The linear regression model was fitted to explore the relationship between the number of episodes and the average rating (vote_average) of TV shows. The results are as follows:

• Intercept: The intercept is estimated to be 2.275, with a standard error of 0.0085. This means that when the number of episodes is zero, the predicted average rating is approximately 2.275. Although this value may not have practical meaning in this context (as a TV show would usually have at least one episode), it serves as a baseline for the regression equation.

• Slope (number_of_episodes): The coefficient for the number of episodes is estimated to be 0.002386, with a standard error of 0.000062. This indicates that for each additional episode, the average rating is expected to increase by approximately 0.0024. This relationship is statistically significant, as the p-value is less than 2e-16, indicating a strong association between the number of episodes and the average rating.

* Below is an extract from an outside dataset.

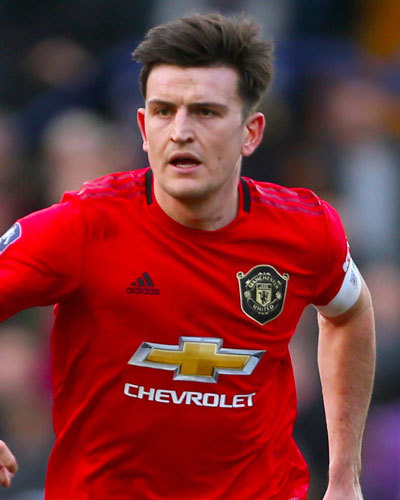 Harry Maguire, jucătorul cu cele mai multe minute pe teren în 2020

• Residuals: The residuals show a range from -44.493 to 7.725, suggesting that there are some observations with large deviations from the predicted values. The residual standard error is 3.439, indicating the typical size of the error in the model’s predictions.

• R-squared: The R-squared value is 0.008668, which means that only about 0.87% of the variability in the average ratings is explained by the number of episodes. This low R-squared value indicates that the number of episodes alone is not a strong predictor of the ratings.

• Adjusted R-squared: The adjusted R-squared is very similar to the R-squared (0.008662), reinforcing the notion that adding more predictors may be necessary to improve the model’s explanatory power.

• F-statistic: The F-statistic is 1474 with a p-value of less than 2.2e-16, indicating that the model as a whole is statistically significant. However, statistical significance does not necessarily imply practical significance, as indicated by the low R-squared value.

Implication

• Although the number of episodes is statistically significant as a predictor of average ratings, the relationship is weak, as indicated by the low R-squared value. This suggests that the number of episodes alone does not adequately explain variations in TV show ratings.

• Since the model explains less than 1% of the variance in the ratings, other factors likely play a more substantial role in influencing the average ratings of TV shows. These factors may include the show’s genre, network, production company, or even qualitative aspects like plot quality and character development.

Recommendations

• To improve the model’s predictive power, we can consider including other variables such as genres, networks, or production companies. These factors may better capture the variations in ratings.

• Given the weak linear relationship, it may be worth exploring non-linear models or transformations of the variables to capture more complex relationships.

• Interaction effects between variables, such as the interaction between genres and the number of episodes, may provide further insights into how different factors jointly influence ratings.

Overall Insights

• The ANOVA results suggest that genre significantly affects ratings, while the linear regression results show that the number of episodes has a minimal impact. This indicates that the content type (genre) plays a more important role in driving ratings than show length.

• It may be the case that certain genres (e.g., Drama or Documentary) lend themselves to longer formats with more episodes, potentially explaining the weak relationship observed between the number of episodes and ratings.

• These findings can help guide strategic decisions for content creators, such as focusing on producing high-quality content in popular genres rather than simply increasing the episode count.

Further Questions to Investigate

1. Are Certain Genres More Sensitive to Show Length?
2. What Other Variables Might Better Explain Ratings?
3. How Do Outliers or High-Variance Genres Impact Ratings?
4. Would a Multi-factor Model Improve Predictive Accuracy?
5. Could Non-linear Models Capture More Complex Relationships?